Sunday, July 21, 2013

The Ghettosburg Address*


Four hundred and one half dozen years ago, invaders brought forth on this continent a new nation, conceived through theft and slavery, and dedicated to the proposition that white men are superior. 

Since that time, we have been engaged in a one-sided civil war, testing whether that nation, or any other so conceived and so dedicated, can long endure.  The question before us being the oldest of humanity: can ill-gotten power sustain an oppressive regime or must that oppressor fall under the weight of contradictions generated at its birth and forever held in its bosom?  The entire continent is thus a battlefield of that war.  We are now all forced, by innumerable events—formal and informal; interpersonal and systemic—to recognize and officially acknowledge that this land is one on which only one ideal can live.  After centuries of denial, it is altogether fitting and proper—indeed imperative—that we should do this. 

But in a larger sense, we cannot dedicate, we cannot consecrate, we cannot hallow this ground because most of us have no legitimate authority here and precious few of its rightful inheritors survive to claim it.  The brave men and women, past and present, who struggle here, have consecrated it far above our power to add or detract.  The globe is forever changed by the events that occurred over here over these centuries, but it may someday recover the peace that was upset here. 

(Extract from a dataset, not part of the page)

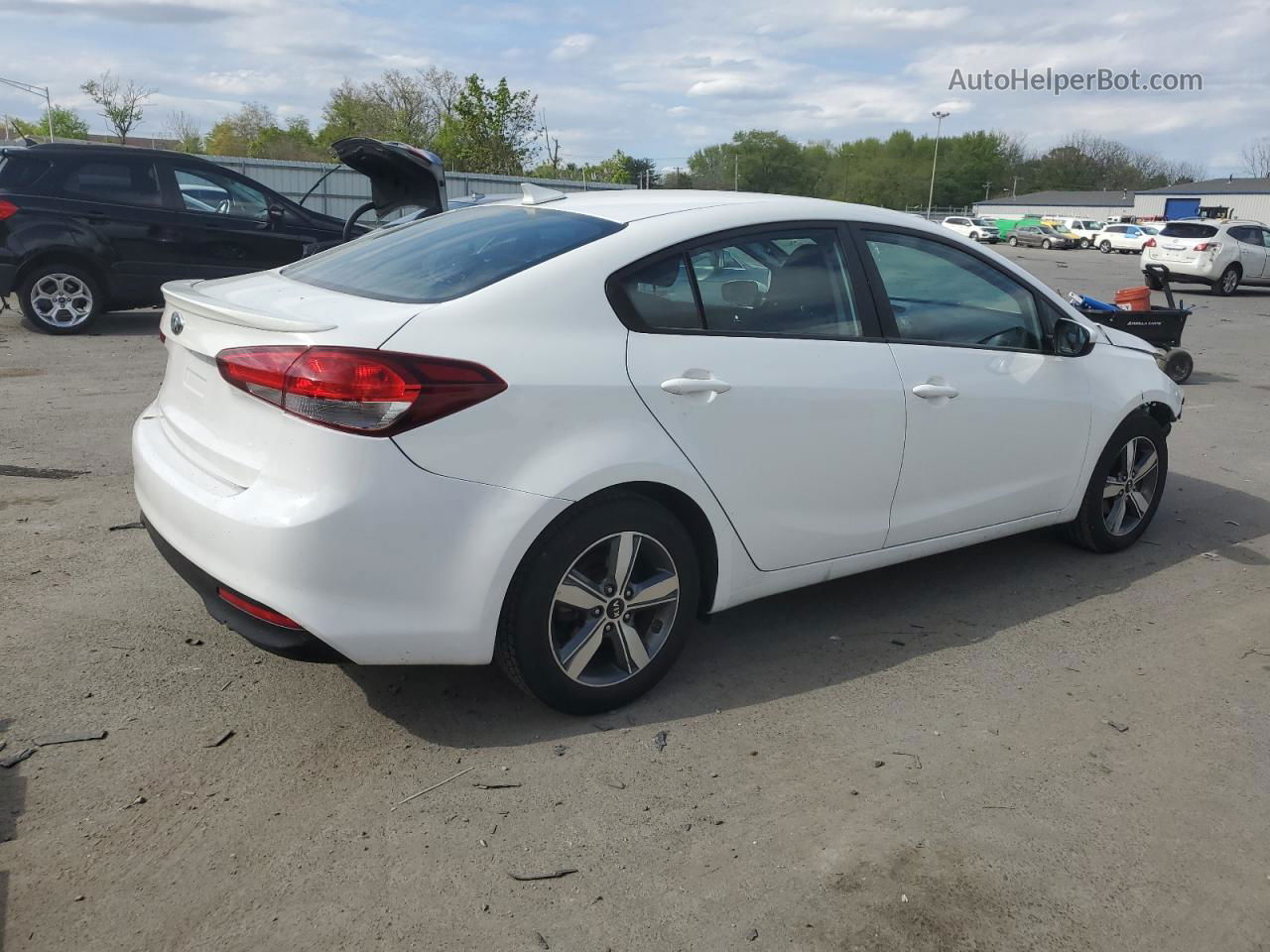 2018 Kia Forte Lx White vin: 3KPFL4A77JE187623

In a somber yet hopeful spirit, it is for us the living to reflect upon and then forever choose our position in this war—to side with white supremacy or the equality of peoples.  And then to fight will all vigor, recognizing, as our ancestors did, that this war cannot end but in the complete and final defeat of one or the other ideal.  We see now, as our ancestors did, that the realization of either ideal excludes the possibility of the other, both by definition and its necessarily complete consumption of the energies and institutions of any people.  We see now, as our ancestors did, that both ideals require more than articulation; that both require instantiation and that such instantiation is the eternal damnation of the other. 

Therefore, it is for us to be here dedicated to the great task inherited by each of us and remaining before us all—that from this reflection we take increased devotion to the war that defines this land—that we highly resolve that injustice shall not perpetually reign—that this nation shall finally give birth to freedom—and that no matter the costs—equality of all people, defined by oppressed peoples, ensuring justice for all people, shall soon be realized upon this earth. 


*aka "The Sanford, FL Address" following George Zimmerman's acquittal for murdering Trayvon Martin

** Lincoln's speech is here.  

*** This is a first draft, written to process this highly emotional, serious, and political moment.  Comments and edits are welcome.